La questione grave, che molti osservatori italiani (anche cattolici) filoamericani non colgono, è che il declino americano non è stato scacciato dalla morte di Osama, ma certificato dalle celebrazioni di quella morte. Il momento storico dell’esecuzione di Osama e le reazioni del pubblico americano trovano una nazione mai come prima sguarnita dal punto di vista morale. Come storico e teologo cattolico, mi è evidente che ora gli Stati Uniti sono una nazione priva di un cattolicesimo capace di osservare, comprendere ed esprimere al resto del paese un giudizio sui tempi moderni: ai tempi del Vietnam, c’erano Dorothy Day e Thomas Merton. Oggi, i leader cattolici sono altra cosa. Nell’ultima intervista concessa a “60 Minutes on CBS” dall’arcivescovo di New York, il “papa americano” si è ingenuamente prestato a fare la caricatura del cattolico irlandese: birra, baseball e amore per la mamma (e per il papa, of course). I vescovi cattolici si concentrano sulla morale delle “life issues” (aborto e bioetica), ma dal punto di vista sociale hanno silenziosamente sposato il “prosperity gospel” dell’ognun per sé e Dio per tutti. Il reaganismo cattolico è la spina dorsale dell’insegnamento morale del cattolicesimo americano di oggi: silenziosamente sta arrivando anche sulle coste del cattolicesimo italiano (come abbiamo già argomentato qui).

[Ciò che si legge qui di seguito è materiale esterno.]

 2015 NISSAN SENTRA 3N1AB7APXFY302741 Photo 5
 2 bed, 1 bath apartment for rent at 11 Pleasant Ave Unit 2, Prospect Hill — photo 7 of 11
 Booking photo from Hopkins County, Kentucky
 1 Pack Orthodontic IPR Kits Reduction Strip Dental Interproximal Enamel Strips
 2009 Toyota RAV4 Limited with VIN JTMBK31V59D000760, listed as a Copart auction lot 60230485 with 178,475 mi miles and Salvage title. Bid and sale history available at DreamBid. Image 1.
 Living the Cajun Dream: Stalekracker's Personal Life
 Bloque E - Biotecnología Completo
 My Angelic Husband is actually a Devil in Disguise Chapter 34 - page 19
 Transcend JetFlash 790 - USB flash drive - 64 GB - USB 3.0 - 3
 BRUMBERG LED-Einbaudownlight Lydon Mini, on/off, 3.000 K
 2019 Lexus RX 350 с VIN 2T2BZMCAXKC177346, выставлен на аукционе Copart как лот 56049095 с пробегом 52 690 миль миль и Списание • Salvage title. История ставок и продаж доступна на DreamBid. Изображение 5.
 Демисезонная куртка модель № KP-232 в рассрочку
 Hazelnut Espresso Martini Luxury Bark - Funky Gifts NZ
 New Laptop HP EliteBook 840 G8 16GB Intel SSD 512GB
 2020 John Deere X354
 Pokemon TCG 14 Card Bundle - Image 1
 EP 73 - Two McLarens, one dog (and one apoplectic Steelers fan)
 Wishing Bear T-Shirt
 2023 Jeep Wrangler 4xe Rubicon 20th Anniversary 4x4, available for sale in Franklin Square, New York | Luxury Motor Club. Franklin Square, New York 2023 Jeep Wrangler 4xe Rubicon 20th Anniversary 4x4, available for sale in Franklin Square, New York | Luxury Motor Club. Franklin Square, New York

Tra la dottrina tradizionale sulla guerra e la guerra al terrore c’è un abisso concettuale, con cui il “discorso su Dio” non ha ancora fatto i conti. Se i teologi della guerra fredda alla Reinhold Niebuhr avevano tentato di incastrare dottrina della guerra giusta e arma nucleare, l’11 settembre 2001 ci ha portato fuori dal mondo degli Stati sovrani costruito col trattato di Westfalia nel 1648. Anche per questo, viste da qui, non stupiscono le reazioni e le celebrazioni degli americani per la morte di bin Laden, il nemico ucciso in guerra. Stupisce la passiva accettazione, da parte di molti commentatori italiani, della reazione di un’America che ha perso la bussola morale, anch’essa extra-territorializzata a Guantanamo: una bussola morale che Obama tenta di recuperare, di fronte a poteri ben più forti del mandato elettorale delle urne. Non sappiamo se ci fossero alternative all’uccisione di bin Laden. Però sappiamo che ci sono alternative a vedere nell’esecuzione di Osama un momento alto nella storia americana. Da italiano-americano, sono abituato a vergognarmi di Berlusconi di fronte ai miei studenti e colleghi americani. Non vorrei dovermi vergognare anche per quelli che tentano di mettere fine al berlusconismo con un americanismo che non ha molto da invidiare a quello dei neocon di risulta.